NVIDIA is looking for an exceptional Engineering Manager to lead, scale, and innovate our core Data Labeling Platform. This is a highly visible, high-impact role where you will bridge the gap between bleeding-edge AI engineering, scalable software systems, and massive-scale operations.
In this role, you will lead a team of highly talented engineers to design and build next-generation data annotation platform. The team develops and manages software that supports a high volume of active annotation projects across diverse research areas, like Nemotron, Cosmos, Robotics and Red teaming delivering a large quantity of annotations through NVIDIA's internal data operations and external annotation partners. Your team’s focus will be driving operational efficiency through annotation interfaces, scalable backend workflows, models-in-the-loop, auto-labeling systems, data pipelines, and intelligent orchestration tools. We are looking for a leader who can thrive across a wide spectrum of experience. Whether you are a seasoned Engineering Manager looking to take on an expanded scope, an entry-level Manager looking to solidify your leadership footprint, or a Principal/Staff Engineer (IC) with deep architectural roots ready to transition into people management, we want to hear from you.
What you'll be doing:
System Design & Programming: Maintain a high technical bar. You will remain close to the code, guiding robust software design, ensuring clean data engineering practices, and occasionally jumping into hands-on Python programming when solving complex architectural bottlenecks.
People Leadership: Build, mentor, and lead a high-performing team of software, data, and AI application engineers. Foster a culture of technical excellence, accountability, and continuous growth.

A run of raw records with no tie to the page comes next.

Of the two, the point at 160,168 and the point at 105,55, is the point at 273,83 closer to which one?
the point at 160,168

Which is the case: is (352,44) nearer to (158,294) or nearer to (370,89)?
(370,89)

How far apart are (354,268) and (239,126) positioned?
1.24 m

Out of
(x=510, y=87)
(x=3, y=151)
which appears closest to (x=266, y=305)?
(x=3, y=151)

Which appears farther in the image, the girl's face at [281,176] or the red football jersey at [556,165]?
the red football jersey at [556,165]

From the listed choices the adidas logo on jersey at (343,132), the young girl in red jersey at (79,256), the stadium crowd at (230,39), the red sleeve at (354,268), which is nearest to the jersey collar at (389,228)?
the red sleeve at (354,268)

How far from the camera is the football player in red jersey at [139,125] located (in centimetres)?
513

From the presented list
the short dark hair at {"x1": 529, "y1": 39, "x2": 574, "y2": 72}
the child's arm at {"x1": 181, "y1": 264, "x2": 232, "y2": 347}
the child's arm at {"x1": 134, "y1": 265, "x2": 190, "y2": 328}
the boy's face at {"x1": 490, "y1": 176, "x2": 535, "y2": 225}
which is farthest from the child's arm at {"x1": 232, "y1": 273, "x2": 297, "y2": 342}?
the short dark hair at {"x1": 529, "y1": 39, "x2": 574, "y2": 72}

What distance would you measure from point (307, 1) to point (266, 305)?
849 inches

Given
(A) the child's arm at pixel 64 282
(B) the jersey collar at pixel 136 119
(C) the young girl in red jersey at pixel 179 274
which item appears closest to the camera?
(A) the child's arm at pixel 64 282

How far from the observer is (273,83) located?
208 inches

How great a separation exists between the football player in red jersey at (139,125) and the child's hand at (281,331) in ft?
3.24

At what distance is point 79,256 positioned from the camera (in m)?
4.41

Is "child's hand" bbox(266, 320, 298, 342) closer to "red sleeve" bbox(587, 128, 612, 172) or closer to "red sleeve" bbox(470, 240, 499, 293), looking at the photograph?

Stakeholder Management: Serve as a critical bridge and strategic partner, aligning engineering roadmaps with high-level VPs, Research Leaders, and our Data Factory operations workforce.

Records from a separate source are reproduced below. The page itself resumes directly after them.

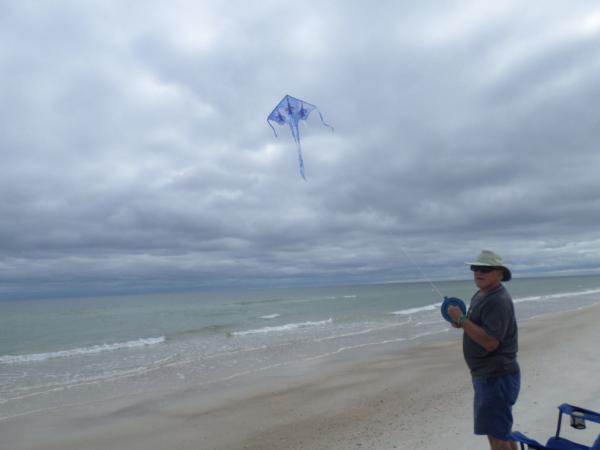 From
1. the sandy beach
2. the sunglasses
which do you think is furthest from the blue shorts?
the sandy beach

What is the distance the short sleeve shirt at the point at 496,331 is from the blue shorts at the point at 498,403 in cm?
6

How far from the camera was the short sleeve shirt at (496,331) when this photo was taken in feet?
10.2

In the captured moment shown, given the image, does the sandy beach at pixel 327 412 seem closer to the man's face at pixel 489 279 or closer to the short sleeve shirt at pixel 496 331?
the short sleeve shirt at pixel 496 331

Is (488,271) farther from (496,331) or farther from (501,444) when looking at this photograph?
(501,444)

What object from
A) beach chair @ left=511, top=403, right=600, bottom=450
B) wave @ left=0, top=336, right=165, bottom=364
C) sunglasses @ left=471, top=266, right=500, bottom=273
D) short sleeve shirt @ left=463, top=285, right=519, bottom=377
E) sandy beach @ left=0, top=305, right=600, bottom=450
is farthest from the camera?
wave @ left=0, top=336, right=165, bottom=364

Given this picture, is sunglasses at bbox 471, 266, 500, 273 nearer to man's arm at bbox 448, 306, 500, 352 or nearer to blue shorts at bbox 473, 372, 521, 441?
man's arm at bbox 448, 306, 500, 352

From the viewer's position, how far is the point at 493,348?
10.3 ft

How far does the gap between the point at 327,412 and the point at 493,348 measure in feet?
16.5

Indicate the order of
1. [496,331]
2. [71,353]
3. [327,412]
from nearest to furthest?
[496,331] → [327,412] → [71,353]

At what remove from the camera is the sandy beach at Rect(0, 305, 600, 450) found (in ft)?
19.2

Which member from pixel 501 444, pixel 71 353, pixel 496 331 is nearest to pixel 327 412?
pixel 501 444

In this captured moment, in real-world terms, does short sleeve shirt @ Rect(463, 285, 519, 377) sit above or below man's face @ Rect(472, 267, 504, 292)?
below

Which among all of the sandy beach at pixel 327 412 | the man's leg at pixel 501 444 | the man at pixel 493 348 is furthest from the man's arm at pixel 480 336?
the sandy beach at pixel 327 412

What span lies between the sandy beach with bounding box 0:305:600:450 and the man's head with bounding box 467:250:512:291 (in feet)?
8.46
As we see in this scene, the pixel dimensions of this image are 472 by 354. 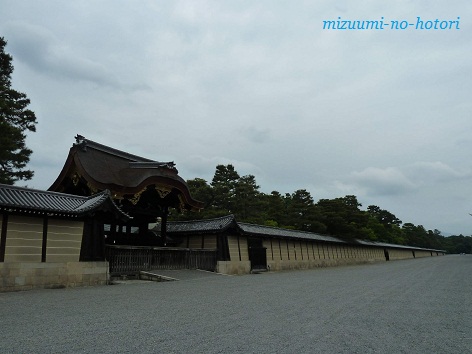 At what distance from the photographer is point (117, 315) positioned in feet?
22.5

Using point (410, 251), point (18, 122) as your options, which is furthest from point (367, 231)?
point (18, 122)

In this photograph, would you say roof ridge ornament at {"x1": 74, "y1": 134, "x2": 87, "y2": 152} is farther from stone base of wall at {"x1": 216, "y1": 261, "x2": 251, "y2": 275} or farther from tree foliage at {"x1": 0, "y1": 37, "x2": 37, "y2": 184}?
stone base of wall at {"x1": 216, "y1": 261, "x2": 251, "y2": 275}

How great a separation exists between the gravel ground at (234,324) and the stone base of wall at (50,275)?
171 centimetres

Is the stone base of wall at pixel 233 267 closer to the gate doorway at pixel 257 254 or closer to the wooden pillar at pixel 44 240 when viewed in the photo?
the gate doorway at pixel 257 254

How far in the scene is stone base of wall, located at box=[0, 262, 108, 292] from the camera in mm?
11203

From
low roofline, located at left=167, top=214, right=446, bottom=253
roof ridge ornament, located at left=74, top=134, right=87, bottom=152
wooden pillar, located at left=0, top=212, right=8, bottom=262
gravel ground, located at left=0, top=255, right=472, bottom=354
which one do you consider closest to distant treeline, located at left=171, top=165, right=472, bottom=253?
low roofline, located at left=167, top=214, right=446, bottom=253

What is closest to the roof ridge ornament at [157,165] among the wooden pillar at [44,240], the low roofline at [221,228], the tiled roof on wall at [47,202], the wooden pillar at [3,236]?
the low roofline at [221,228]

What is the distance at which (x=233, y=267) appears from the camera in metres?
21.7

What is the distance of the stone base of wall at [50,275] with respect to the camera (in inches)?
441

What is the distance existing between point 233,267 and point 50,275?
1158cm

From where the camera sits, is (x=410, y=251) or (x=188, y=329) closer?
(x=188, y=329)

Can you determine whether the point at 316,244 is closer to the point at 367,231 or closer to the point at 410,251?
the point at 367,231

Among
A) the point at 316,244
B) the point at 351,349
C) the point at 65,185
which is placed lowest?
the point at 351,349

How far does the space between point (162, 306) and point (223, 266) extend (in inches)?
515
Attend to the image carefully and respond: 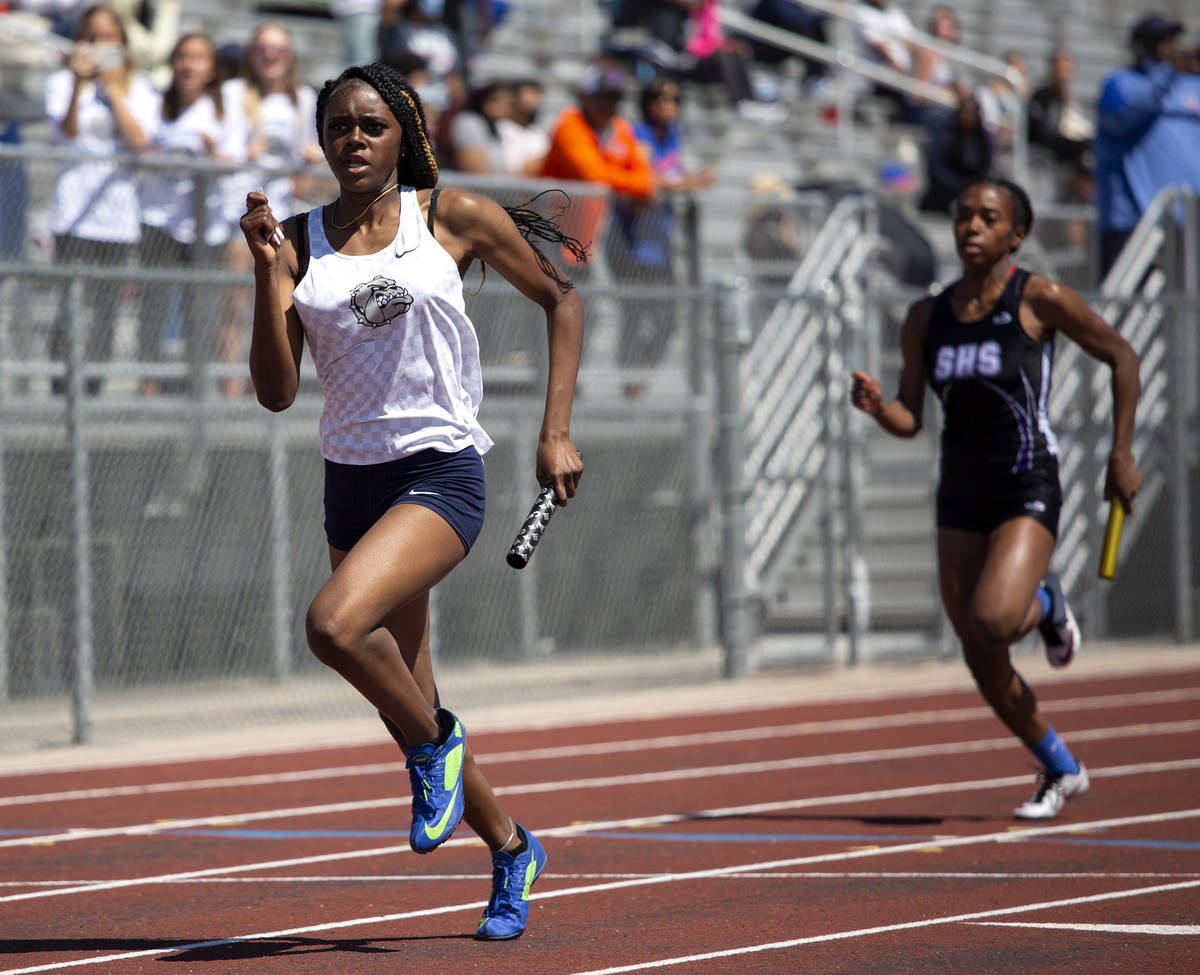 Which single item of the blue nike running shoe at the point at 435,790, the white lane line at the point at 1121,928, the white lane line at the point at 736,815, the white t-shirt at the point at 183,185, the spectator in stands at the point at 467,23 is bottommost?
the white lane line at the point at 736,815

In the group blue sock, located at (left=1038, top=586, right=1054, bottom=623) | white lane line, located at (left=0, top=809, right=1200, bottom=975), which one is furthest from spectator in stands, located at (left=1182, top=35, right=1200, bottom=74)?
white lane line, located at (left=0, top=809, right=1200, bottom=975)

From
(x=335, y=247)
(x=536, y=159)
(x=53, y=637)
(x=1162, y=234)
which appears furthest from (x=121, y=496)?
(x=1162, y=234)

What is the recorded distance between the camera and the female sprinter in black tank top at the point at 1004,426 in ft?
27.0

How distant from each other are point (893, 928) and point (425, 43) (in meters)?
11.1

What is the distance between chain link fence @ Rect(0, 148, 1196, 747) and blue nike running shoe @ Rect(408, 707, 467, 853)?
4.75 m

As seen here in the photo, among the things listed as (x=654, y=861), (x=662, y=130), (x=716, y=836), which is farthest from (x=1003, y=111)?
(x=654, y=861)

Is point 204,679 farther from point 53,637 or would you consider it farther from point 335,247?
point 335,247

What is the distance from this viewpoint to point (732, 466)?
14109 millimetres

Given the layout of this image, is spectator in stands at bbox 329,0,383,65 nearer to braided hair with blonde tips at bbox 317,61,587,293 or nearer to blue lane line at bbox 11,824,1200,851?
blue lane line at bbox 11,824,1200,851

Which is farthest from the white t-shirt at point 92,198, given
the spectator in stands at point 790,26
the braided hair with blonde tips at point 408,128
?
the spectator in stands at point 790,26

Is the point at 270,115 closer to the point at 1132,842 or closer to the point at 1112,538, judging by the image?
the point at 1112,538

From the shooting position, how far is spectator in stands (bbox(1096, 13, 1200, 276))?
1644 centimetres

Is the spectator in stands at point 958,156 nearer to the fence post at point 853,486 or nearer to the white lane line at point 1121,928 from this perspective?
the fence post at point 853,486

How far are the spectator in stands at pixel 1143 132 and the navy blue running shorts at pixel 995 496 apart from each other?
8.89 m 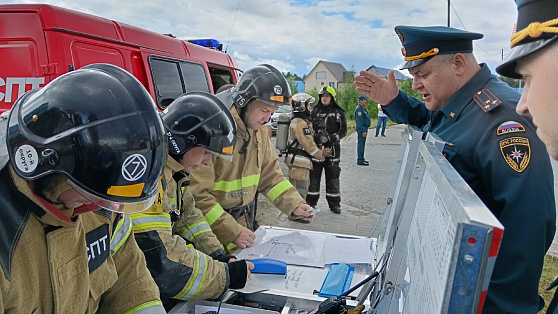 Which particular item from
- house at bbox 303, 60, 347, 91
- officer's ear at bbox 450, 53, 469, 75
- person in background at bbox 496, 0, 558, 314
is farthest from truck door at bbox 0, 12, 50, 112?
house at bbox 303, 60, 347, 91

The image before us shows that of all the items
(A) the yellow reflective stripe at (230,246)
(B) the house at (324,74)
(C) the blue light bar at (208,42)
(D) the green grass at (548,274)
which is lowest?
(D) the green grass at (548,274)

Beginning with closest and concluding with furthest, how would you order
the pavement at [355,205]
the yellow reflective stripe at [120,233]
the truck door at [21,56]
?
the yellow reflective stripe at [120,233]
the truck door at [21,56]
the pavement at [355,205]

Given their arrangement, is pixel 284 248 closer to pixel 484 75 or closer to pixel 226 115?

AI Application Engineering: Architect and drive the implementation of next-generation auto-labeling applications that leverage multi-modal models-in-the-loop to dramatically reduce human labeling latency.
Data Engineering & Analytics: Own the data engineering layer that makes annotation work measurable: event logging, ETL into NVIDIA's data lake, the metrics, dashboards, and alerting built on it against defined reliability and latency targets
Front-End & Annotation Interfaces: Direct front-end engineering for custom annotation interfaces across text, video, audio, speech, and document modalities, where off-the-shelf editors fall short and interaction design directly determines annotator throughput and error rate.
Operations Scaling: Optimize the platform for maximum scalability, data integrity, and throughput, ensuring the interface between human annotators and machine learning systems is seamless.
What we need to see:
Bachelor’s, Master’s, or PhD in Computer Science, Engineering, or a related technical field (or equivalent experience).
10+ overall years of professional software engineering experience, including 2+ years as a technical lead or engineering manager
Hands-on Engineering: Strong background as a Software Engineer, Data Engineer, or AI Application Engineer, with excellent system design skills and deep hands-on expertise in Python.
AI & Data Engineering: Proven experience in architecture-level understanding of data pipelines, distributed systems, and integrating machine learning models into production workflows (specifically auto-labeling or human-in-the-loop paradigms).
Leadership Capability: Experience leading technical initiatives, mentoring engineers, or formally managing a team. We welcome senior individual contributors (ICs) with demonstrated tech-lead experience who are ready to make the leap to formal management.
Exceptional Communication: Exceptional stakeholder management skills. You must be comfortable translating deeply technical constraints into strategic updates for VPs, while translating high-level business goals into operational directives for the Data Factory workforce.
Ways to stand out from the crowd:
Experience with human-in-the-loop data programs - managing data labeling platforms for RLHF or preference data or red teaming, supporting test, vision or multi-modal datasets.
Experience applying models to reduce or assist human effort in a labeling workflow, such as automated pre-labeling, model-based quality evaluation, or agent-driven internal tooling, with measurement to back it up.
Working proficiency in TypeScript or JavaScript, and experience delivering applications where interaction design materially affects user throughput and error rate.
Background in multimodal data: video, 3D and point cloud, speech, or document understanding.
You will also be eligible for equity and benefits.
This posting is for an existing vacancy.
NVIDIA uses AI tools in its recruiting processes.
NVIDIA is committed to fostering an inclusive work environment and proud to be an equal opportunity employer. As we highly value diversity in our current and future employees, we do not discriminate (including in our hiring and promotion practices) on the basis of race, religion, color, national origin, gender, gender expression, sexual orientation, age, marital status, veteran status, disability status or any other characteristic protected by law.